3. Un messie qui libère. L’évangile de Matthieu nous dit que les signes de salut annoncés par Isaïe se réalisent avec le Christ ressuscité : « Les aveugles voient, les boiteux marchent, les lépreux sont purifiés, les sourds entendent, les morts ressuscitent, et la Bonne Nouvelle est annoncée aux pauvres » (Mt 11,5). Jean le Baptiste, lui, ne le voit pas. Enfermé entre les murs de sa prison, il rumine son attente. Les nouvelles de Jésus le déçoivent : Jésus va dans des repas, il raconte des histoires, il a d’étranges fréquentations. Jean le Baptiste peut-il s’être trompé? Doit-il attendre quelqu’un d’autre? Il y a là, je pense la dualité chrétienne qui prévalait au temps de Matthieu et qui prévaut encore aujourd’hui : ceux qui enferment le Christ dans leurs doctrines, leurs règles, leurs rites, c’est-à-dire un Christ élitiste, et ceux qui le voient à l’œuvre dans des lieux non recommandables, chez les exclus, les mal-aimés, les poqués de la vie.
Les premiers sont déçus : les églises se vident, les chrétiens ont perdu leurs repères; ils s’en vont chez le diable. Il faut absolument se ressaisir, revenir en arrière, s’imposer des balises, se méfier du libéralisme etc. On retrouve cette attitude, non seulement dans l’Église, mais aussi en politique et partout dans la société : on cherche par tous les moyens à durcir les lois, à imposer des peines plus sévères aux délinquants, à punir les criminels sans possibilité de réhabilitation, sous prétexte de rendre justice aux victimes, comme si la punition du coupable était une récompense pour les victimes.

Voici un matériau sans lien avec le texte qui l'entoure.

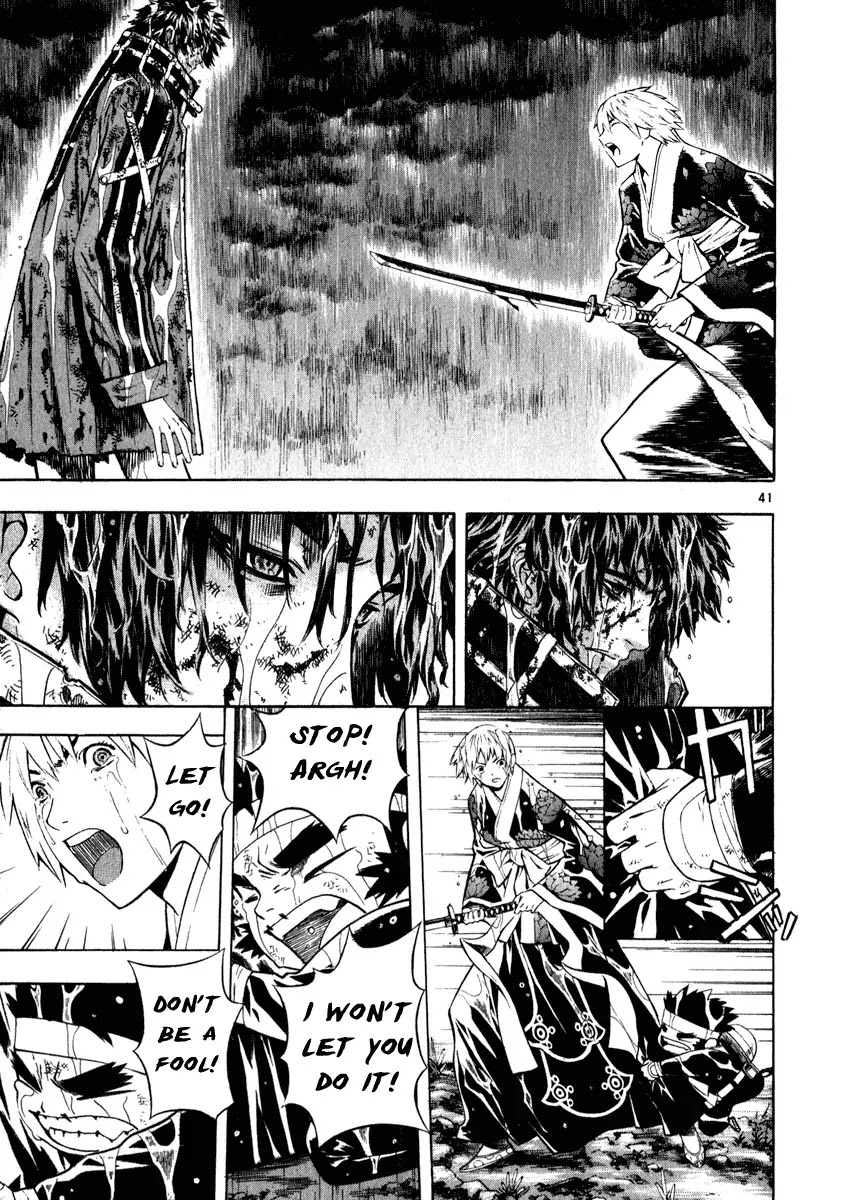 Shin Angyo Onshi Chapter 16.8 page 44 - Chapter 16.8: Legend of Hong Gildong - Part 8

Il est pourtant prouvé que cette façon de procéder, en multipliant les lois, les règles, les interdits, ça ne permet pas d’obtenir les résultats escomptés. Aux États-Unis, là où le crime est le plus sévèrement puni, on y trouve plus d’actes criminels violents qu’ici. Ce qui veut dire que la seule façon de réduire la criminalité, ce n’est pas en réprimant, en punissant ou en condamnant les gens qu’on peut y parvenir, mais bien par l’éducation, l’accompagnement, la réhabilitation et la responsabilisation. Voilà l’attitude des autres chrétiens qui reconnaissent le Christ de l’évangile qui libère au lieu de condamner.
Les premiers sont en prison comme le Baptiste; ils ruminent; ils attendent et se fabriquent un messie qui convient à leurs doctrines : un messie qui fera maison nette et qui s’imposera par sa pureté, sa rigueur et ses vertus. Et pourtant les autres le voient à l’œuvre dans ces jeunes délinquants, dans ces blessés de la vie, dans ces exclus, dans ces petits de l’évangile.
En terminant, le théologien Gérard Bessière écrit : « Ici surgit une question aiguë : n’a-t-on pas mis Jésus en prison derrière les murs de nos doctrines, de nos préceptes, de nos rites? Ne l’avons-nous pas souvent défiguré depuis des siècles en le mettant au service de nos intérêts de toutes sortes? Il faut libérer Jésus pour qu’il nous libère. Il faut attendre celui qui est au milieu de nous et que nous ne connaissons pas encore ». Ce messie nous invite à une liberté responsable. Que ce temps de l’Avent nous le fasse réaliser.